RECORDS SHOWN

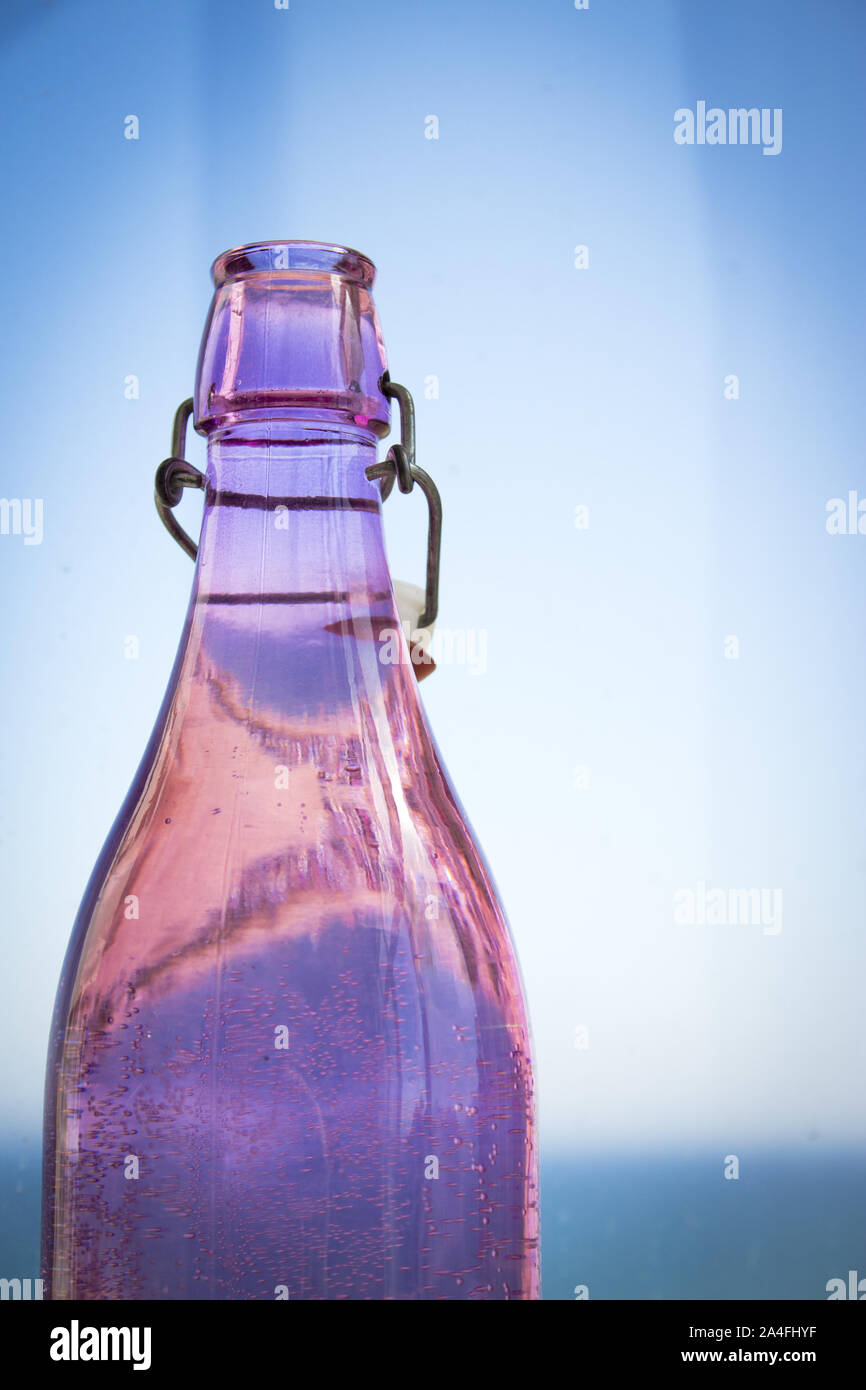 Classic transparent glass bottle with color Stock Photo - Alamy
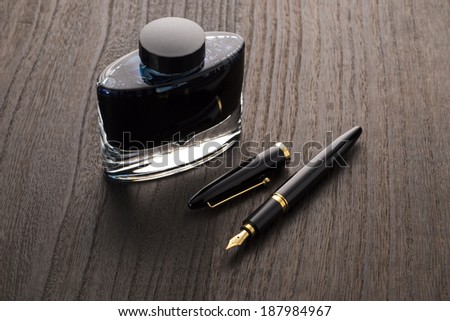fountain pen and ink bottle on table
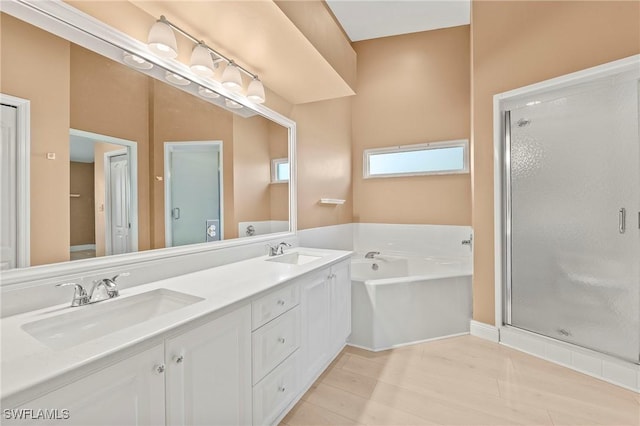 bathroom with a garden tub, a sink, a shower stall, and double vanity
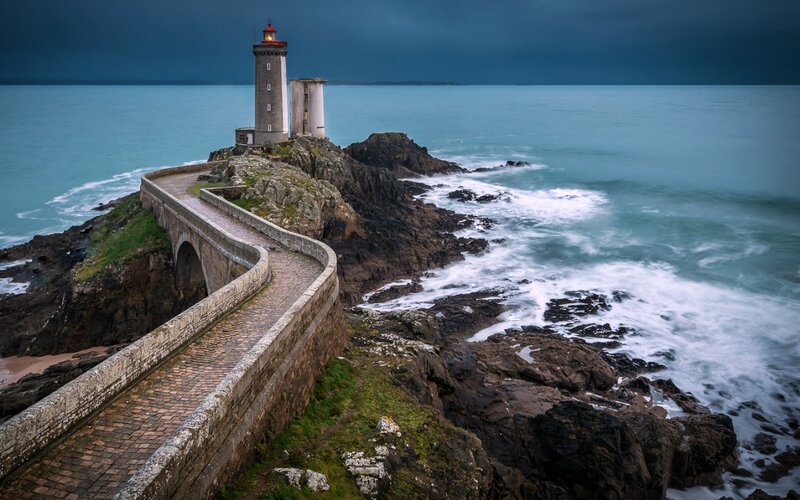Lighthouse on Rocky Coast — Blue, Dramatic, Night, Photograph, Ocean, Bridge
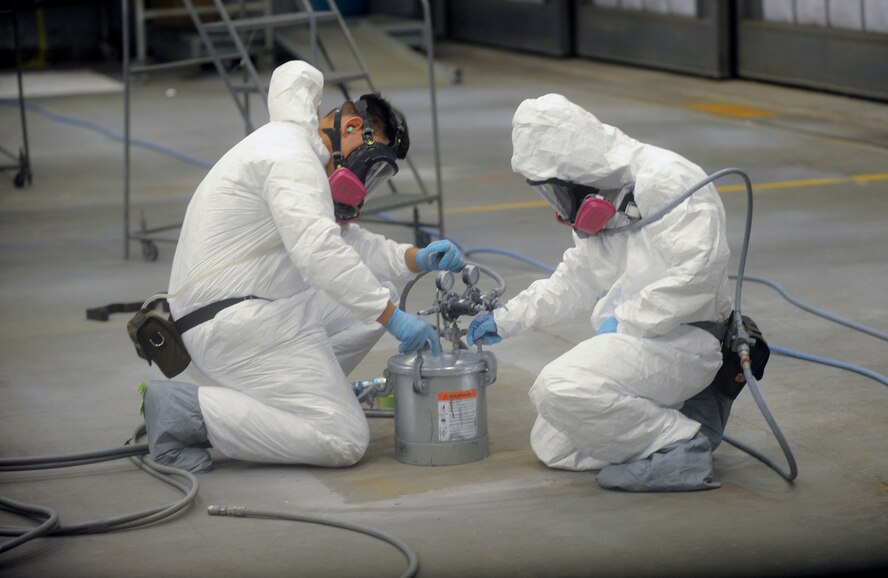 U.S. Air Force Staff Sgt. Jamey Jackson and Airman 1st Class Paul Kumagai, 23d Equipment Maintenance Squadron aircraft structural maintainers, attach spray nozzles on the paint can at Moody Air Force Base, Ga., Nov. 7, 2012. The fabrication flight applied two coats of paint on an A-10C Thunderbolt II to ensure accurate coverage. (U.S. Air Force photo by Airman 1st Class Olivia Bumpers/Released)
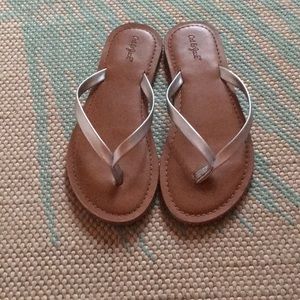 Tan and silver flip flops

---

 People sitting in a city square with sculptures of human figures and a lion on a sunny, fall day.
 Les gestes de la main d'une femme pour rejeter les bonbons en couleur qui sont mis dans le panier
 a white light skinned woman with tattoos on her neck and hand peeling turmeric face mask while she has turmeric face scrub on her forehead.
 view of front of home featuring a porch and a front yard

ACTION ITEM
From the entries above, copy exactly the lines starting at the one with "Classic transparent glass" and stopping at the one with "Tan and silver flip flops", keeping both ends. Drop the pictures.

RESULT OF THIS TASK
 Classic transparent glass bottle with color Stock Photo - Alamy
fountain pen and ink bottle on table
 bathroom with a garden tub, a sink, a shower stall, and double vanity
Lighthouse on Rocky Coast — Blue, Dramatic, Night, Photograph, Ocean, Bridge
 U.S. Air Force Staff Sgt. Jamey Jackson and Airman 1st Class Paul Kumagai, 23d Equipment Maintenance Squadron aircraft structural maintainers, attach spray nozzles on the paint can at Moody Air Force Base, Ga., Nov. 7, 2012. The fabrication flight applied two coats of paint on an A-10C Thunderbolt II to ensure accurate coverage. (U.S. Air Force photo by Airman 1st Class Olivia Bumpers/Released)
 Tan and silver flip flops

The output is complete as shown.